## Data records:
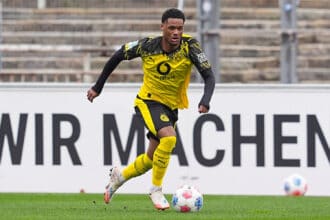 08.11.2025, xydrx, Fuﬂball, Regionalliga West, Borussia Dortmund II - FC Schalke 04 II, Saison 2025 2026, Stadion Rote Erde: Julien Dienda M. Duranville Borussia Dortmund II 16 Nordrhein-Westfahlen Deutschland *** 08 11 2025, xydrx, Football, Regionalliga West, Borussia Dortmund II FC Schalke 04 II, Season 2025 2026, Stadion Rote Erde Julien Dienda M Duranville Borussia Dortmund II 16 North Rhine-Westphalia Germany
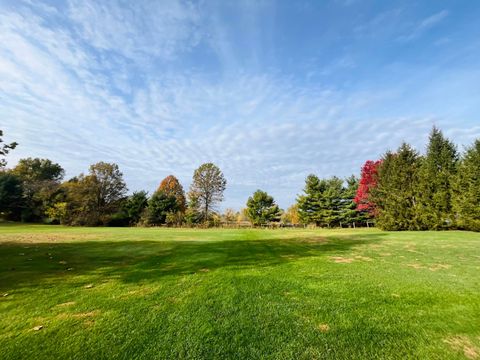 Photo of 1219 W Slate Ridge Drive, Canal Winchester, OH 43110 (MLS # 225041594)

---

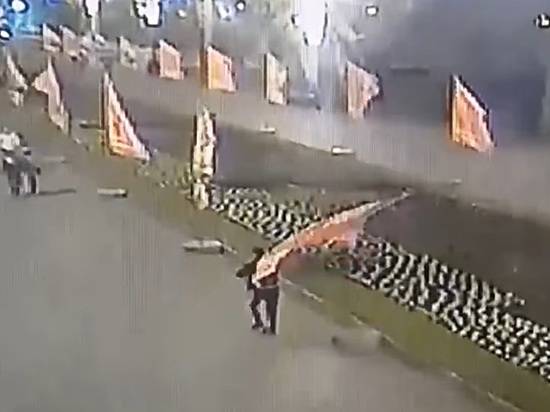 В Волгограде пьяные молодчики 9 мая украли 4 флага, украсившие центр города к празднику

* * *

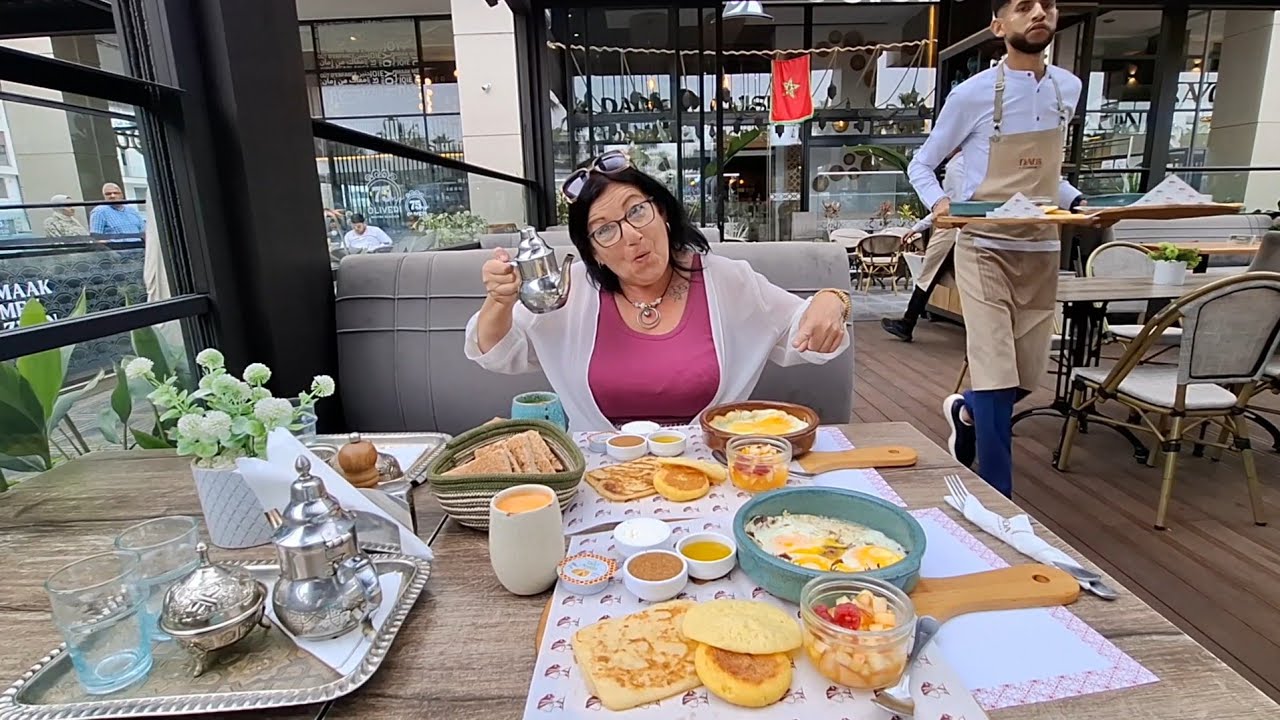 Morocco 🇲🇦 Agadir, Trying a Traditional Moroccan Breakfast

## What is needed:
In the records above, everything from the line with "08.11.2025, xydrx, Fuﬂball, Regionalliga" down to the line with "Photo of 1219" is to be set down exactly, both ends included, with no pictures and no other lines.

## Expected answer:
 08.11.2025, xydrx, Fuﬂball, Regionalliga West, Borussia Dortmund II - FC Schalke 04 II, Saison 2025 2026, Stadion Rote Erde: Julien Dienda M. Duranville Borussia Dortmund II 16 Nordrhein-Westfahlen Deutschland *** 08 11 2025, xydrx, Football, Regionalliga West, Borussia Dortmund II FC Schalke 04 II, Season 2025 2026, Stadion Rote Erde Julien Dienda M Duranville Borussia Dortmund II 16 North Rhine-Westphalia Germany
 Photo of 1219 W Slate Ridge Drive, Canal Winchester, OH 43110 (MLS # 225041594)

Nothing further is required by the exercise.